Coupe d'Europe

Rodriguez: "Montrer une autre copie"

Laurent Rodriguez, le manager de Biarritz, est revenu sur la surprenante et humiliante défaite face à la province italienne des Aironi. Un accident de parcours que les Biarrots devront effacer dès ce week-end à l'occasion du match retour à Aguilera. Une réaction est attendue chez les joueurs.

 
"Montrer une autre copie" - Rugby - Coupe d'EuropeIcon Sport
 

Arrivez-vous à comprendre ce qui s'est passé à Aironi ?

Laurent RODRIGUEZ: Sur l'entame du match, on avait demandé aux joueurs d'être plus efficaces que sur notre dernier match face à Bourgoin. Ils se sont appliqués, on a marqué deux essais puis on a baissé les bras trop rapidement. On a manqué de respect parce qu'il y a deux niveaux d'écart entre cette équipe d'Aironi et la nôtre, quand elle a décidé de bien jouer. On n'aurait pas dû galvauder ce match et il nous tarde d'en découdre au plus vite pour montrer une autre copie en mettant tous les atouts de notre côté.

L'échec est-il collectif ?

L. R.: Oui. Dans un match comme celui-là, on relâche la pression et forcément cela se ressent auprès des joueurs. Nous avons peut-être baissé la garde, nous l'encadrement. Il faut que cela nous serve de leçon pour le restant de la saison et pas uniquement pour une semaine.
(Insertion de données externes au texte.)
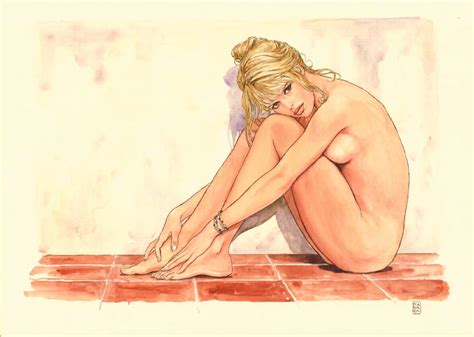 Nude Brigitte Bardot By Manara In Red Raven S Collectionneur Comic Art Gallery Room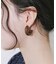 ウッドフープピアス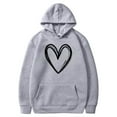 thumbnail image 4 of Erwazi Women's Oversized Pullover Hoodies Heart Printed Hooded Sweatshirts Casual Cute Graphic Hoodie with Pockets, 4 of 4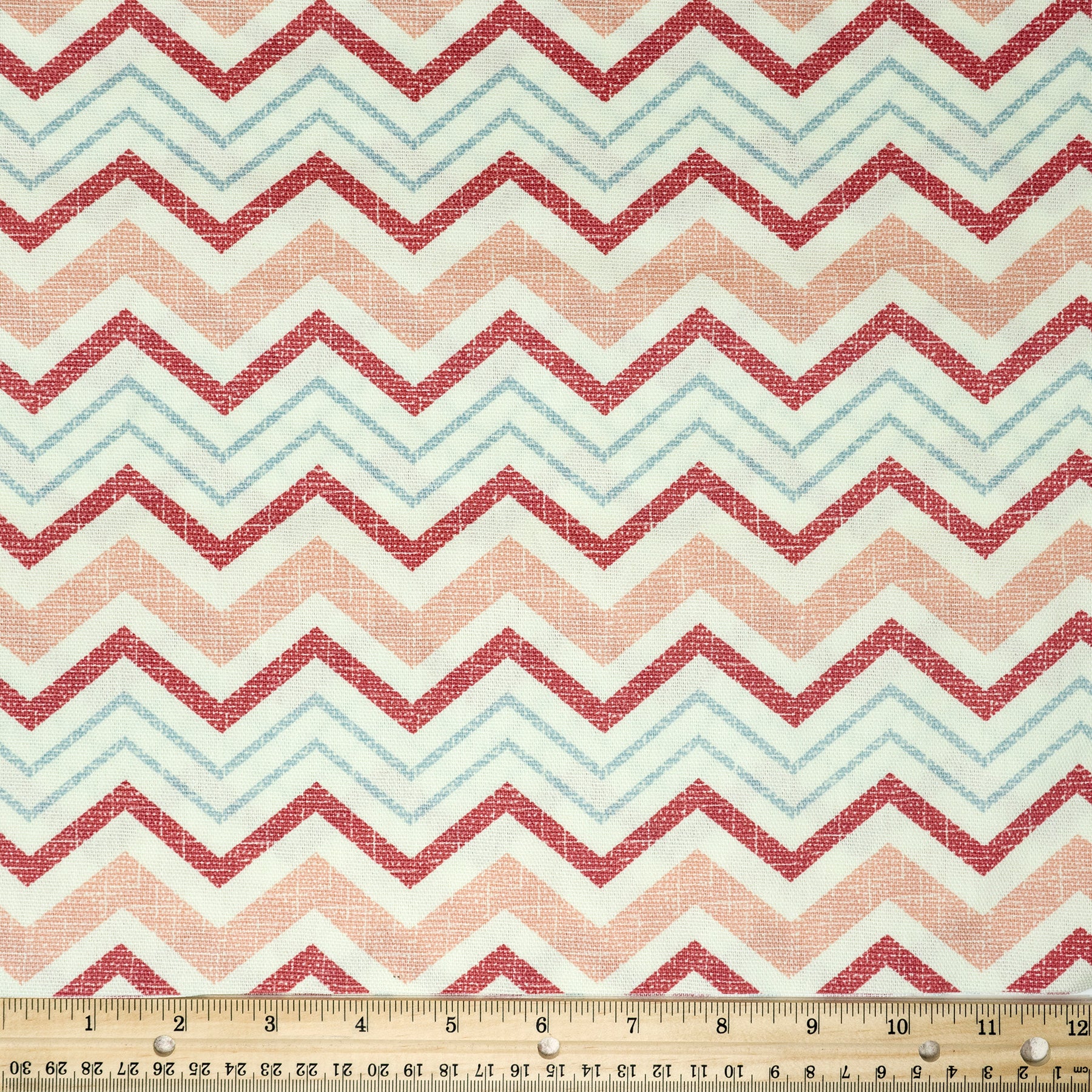 Waverly Inspirations 100% Cotton Duck 45" Wide Chevron Rose Print Sewing & Crafting Fabric by the Yard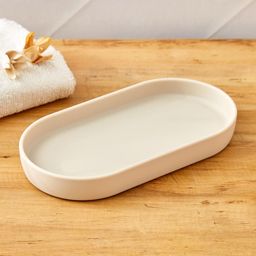 Home Centre Beige Solid Plastic Bath Accessories Set-56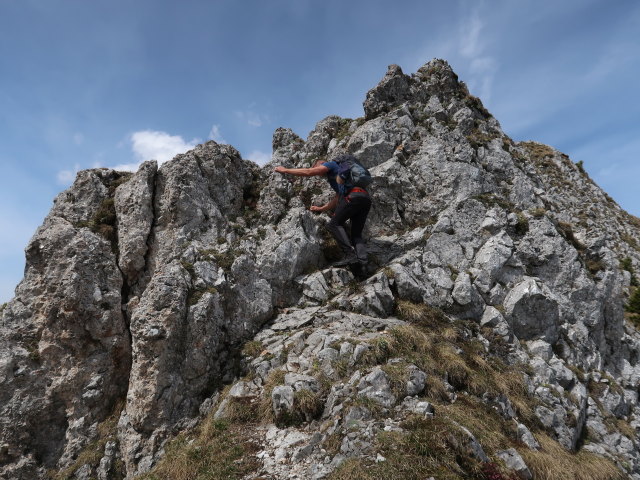 Mario zwischen Großem Wildkamm und Gingatzwiese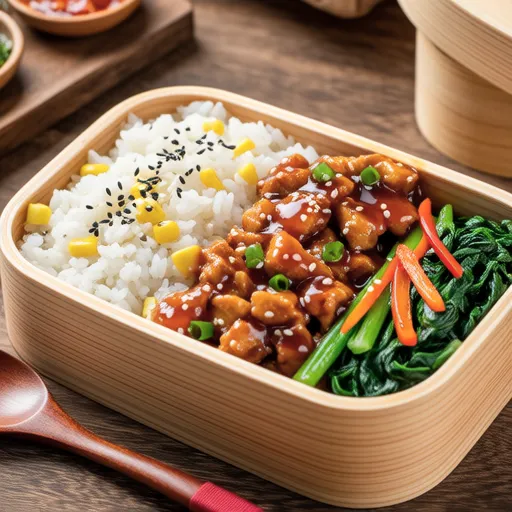 Chicken Chili Fried Rice Bento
Est-ce une chance de les rejouer rapidement ?

L. R.: Même si on devait les rejouer dans quelques semaines, les joueurs s'en souviendraient encore. Gagner ce match-là, même avec la manière, n'effacera pas notre déconvenue. C'est sur les matches à venir que nous devons laver cet affront parce qu'on l'a considéré comme tel. Il faut respecter l'adversaire, quelle que soit l'équipe. Des matches cela arrivera à tout le monde d'en perdre, ça nous arrivera encore à nous. Mais c'est quoi un match perdu quand on a tout donné ?

Que faut-il changer ?

L. R.: Il faut l'implication de tous. C'est un rugby collectif qu'on doit retrouver. Sur certaines phases on a su être collectif, mais quand on a mené au score, on a baissé les bras. Donc, il faut être concentré pendant 80 minutes et ce, jusqu'à la fin de la saison. Dans un sport de combat quand vous baissez les bras, vous prenez ce qu'il faut en pleine figure. En boxe comme au rugby, il faut être très humble et cette humilité on n'a pas su la préserver. Il faut préparer Aironi comme on le fait pour le Munster ou le Leinster.

L'objectif de disputer le quart de finale à domicile, à Anoeta, a-t-il du plomb dans l'aile ?

L. R.: Non, il est toujours envisageable. Malgré cette déconvenue, on rapporte deux points (bonus offensif et défensif). On avait trois victoires auparavant avec un bonus offensif à domicile contre l'Ulster. On s'est mis en difficulté mais on va penser au prochain match et arrêter de se projeter trop en avant. En ayant connu une déconvenue comme celle du week-end dernier, il faut savoir raison garder.

Quel a été la réaction du président Serge Blanco après cette défaite ?

L. R.: C'est la réaction d'un président qui ne comprend pas l'attitude de ses joueurs, qui ne la comprenaient pas d'ailleurs eux non plus. Il nous a mis devant devant nos responsabilités et s'est bien fait comprendre. Maintenant j'espère qu'on va donner un élément de réponse vendredi, mais on n'effacera pas tout vendredi, mais sur notre comportement lors des différentes rencontres à venir.